A recent report from the International Energy Agency revealed a stunning fact: Worldwide, fossil-fuel energy corporations receive $550 billion a year in subsidies. Another report found that between 2002 and 2008, American taxpayers alone lavished $72.5 billion on fossil-fuel subsidies, and that’s not counting implicit subsidies like military deployments to defend energy supplies, health costs from respiratory and circulatory ailments caused by fuel combustion, ecological damage like in the Gulf of Mexico, and damage from climate change. This massive interference in global energy markets by heavy-handed government bureaucrats ought to offend proponents of free-market capitalism or small-government conservatism. It’s tantamount to corporate socialism.
Yet Gingrich and his acolyte defend these subsidies. Why? Says Gingrich, “a low-cost energy regime is essential to our country.” That is one doozy of a non-sequitur. Surely a conservative ought to know that money government spends on energy subsidies is taken from elsewhere in the economy. The externalized health and ecological costs of fossil fuels are paid by the public, with money taken from elsewhere in the economy. Fossil-fuel subsidies don’t reduce costs, they shift costs. The burden is moved from energy companies to the public. The result is what we have today: energy that looks cheap because most of its costs are hidden from view.

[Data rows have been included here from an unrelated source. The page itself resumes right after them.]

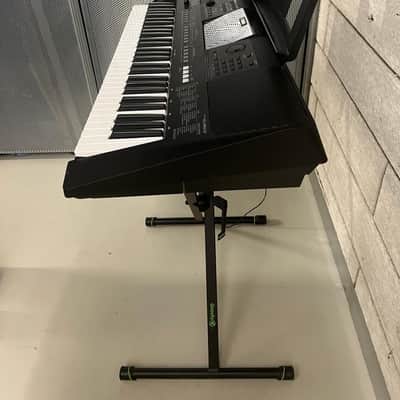 Yamaha PSR E463 Musik Keyboard image 4
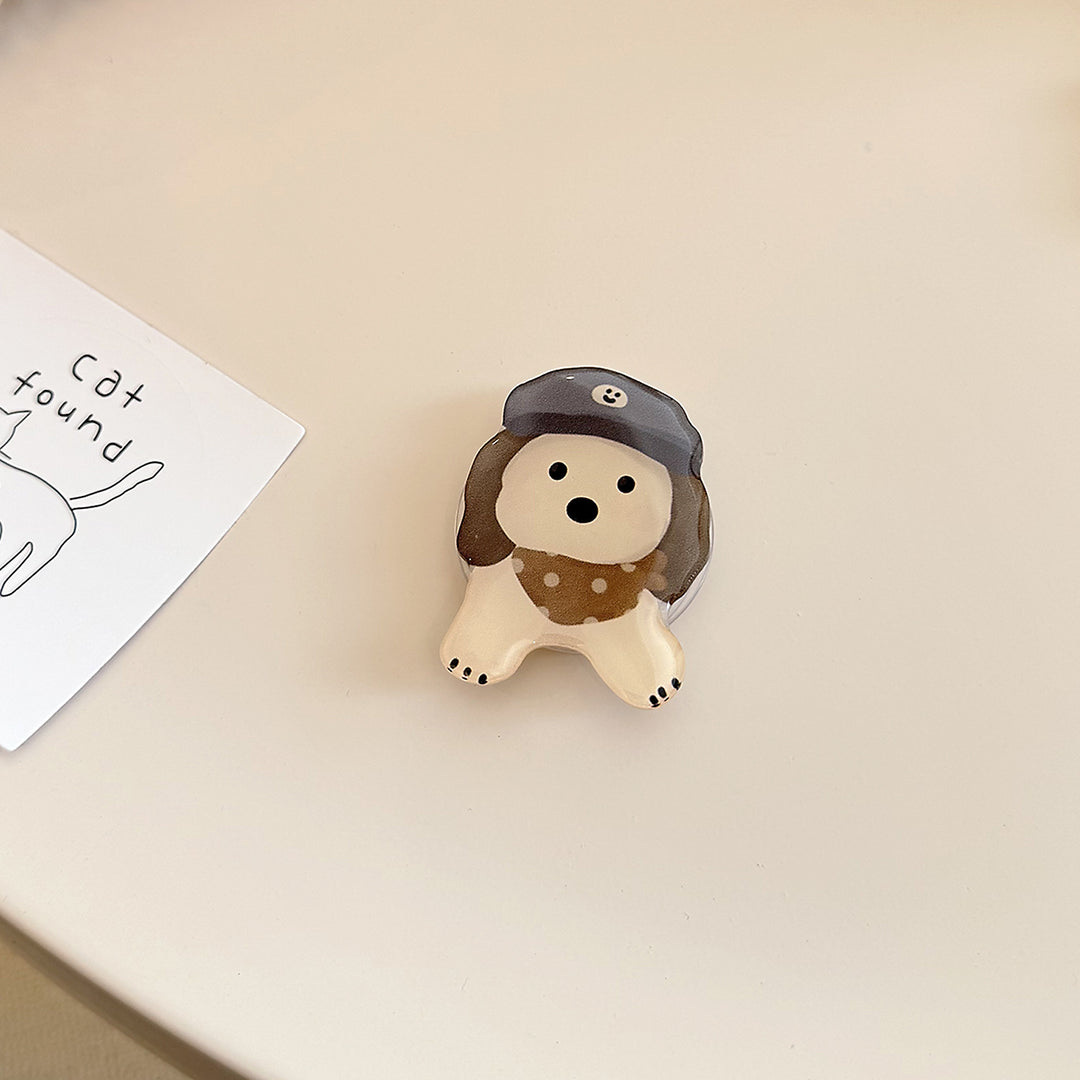 Cute animal pin Stornfield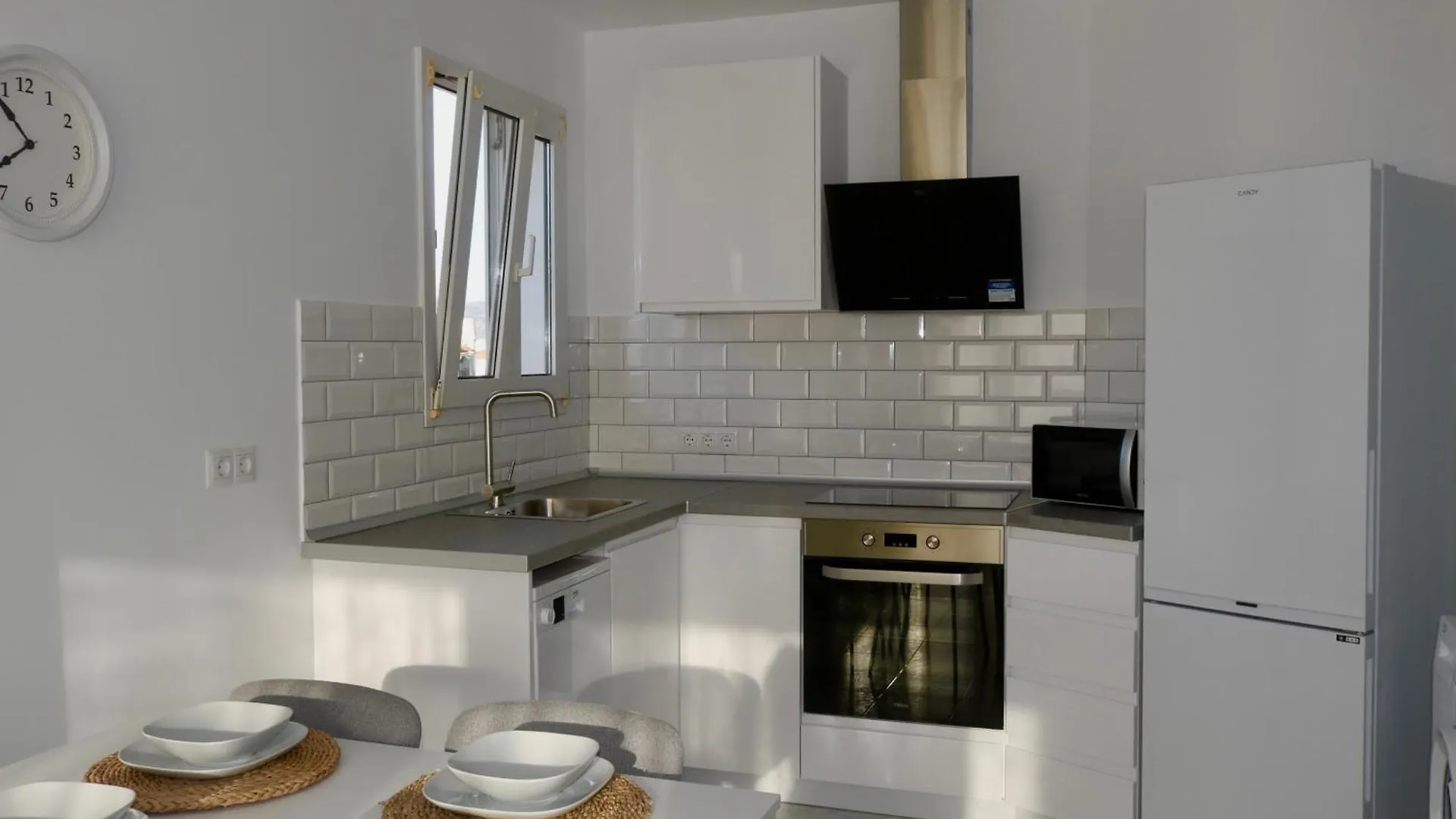 Apartamento Azul Salado Nerja Apartmán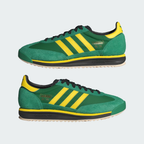 Adidas SL 72 RS Shoes Jamaica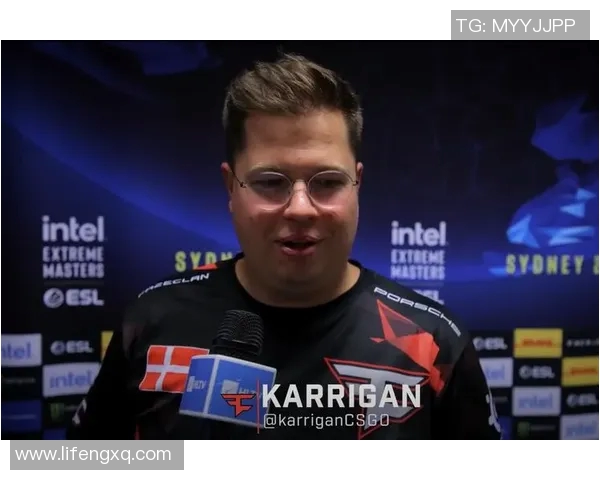 黄秀英的CSGO人生探索与成长之路深度对话分享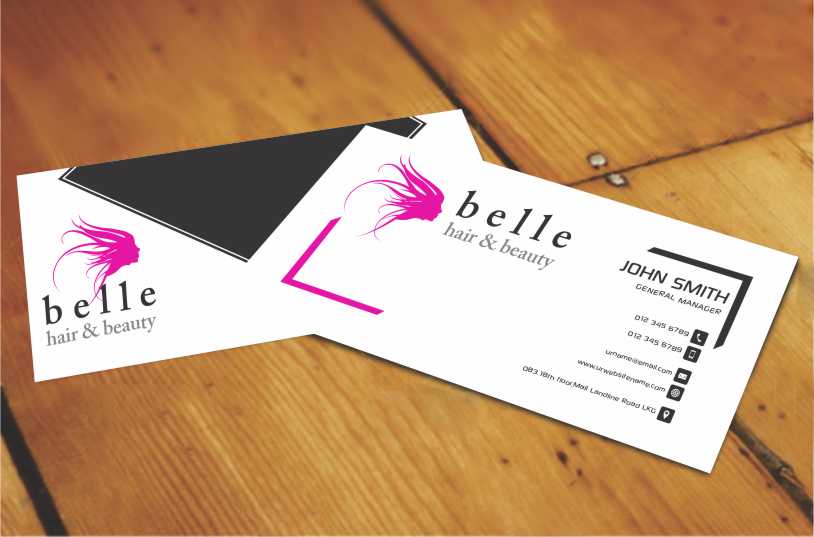 Design de Carte de Visite par AwsomeD pour ce projet | Design #4295538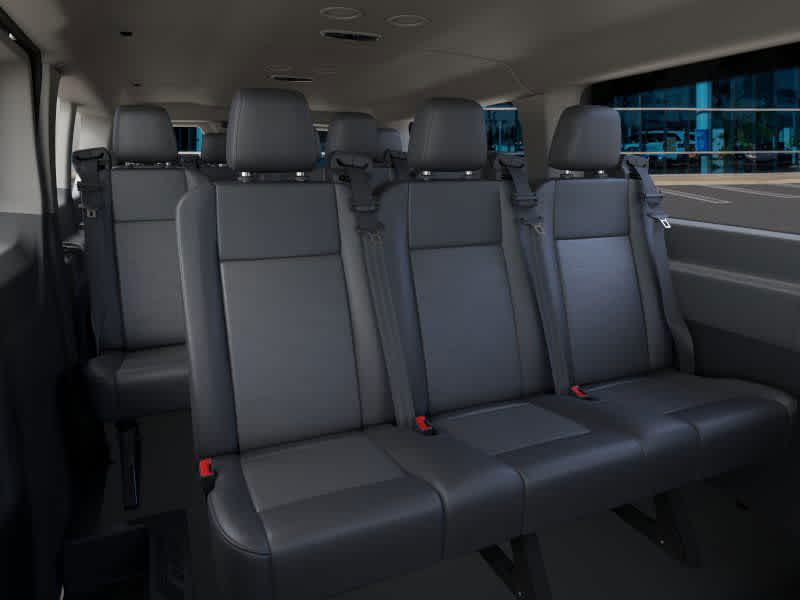 2026 Ford Transit Passenger Passenger Van XL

Economist Friedrich Hayek — beloved of conservatives — taught that prices as set by a free market are our way of communicating with one another, conveying our knowledge and preferences. Collectively, through our transactions, we solve the economic calculation problem of how to optimally balance competing desires and willingness to pay. When prices are distorted by government interference, our communication is distorted and our balance is off. The market is broken.
Even as he defends fossil-fuel subsidies, Gingrich and his acolyte propose a whole new raft of subsidies (disguised, thinly, as tax credits and prizes). Everley says, “Incentives aren’t the same thing as picking winners because, for example, prizes for a national goal (such as a 100 mpg car) allow everyone to innovate, regardless of industry or status.” But that’s not true. The public-transit industry can’t compete to make a 100 mpg car. Who says cars are our national priority, as opposed to walkable cities or intercity rail? Presumably cars are another one of those things government bureaucrats have determined is “essential to our country.”
There is no plausible interpretation under which Gingrich could be characterized as pro-market. He is pro-business, or more precisely, pro-some-businesses, which is very different — the opposite, even — of pro-market. If you want to make sense of his various words and actions, no ideological or economic principle will help. It’s pure instrumentalism: the exercise of political influence in service of protecting energy incumbents. Gingrich is a paid advocate for corporate interests that benefit from the status quo. One doesn’t really have an argument with a person like that. Arguments are based on principles and evidence. One simply beats, or is beaten by, such a person.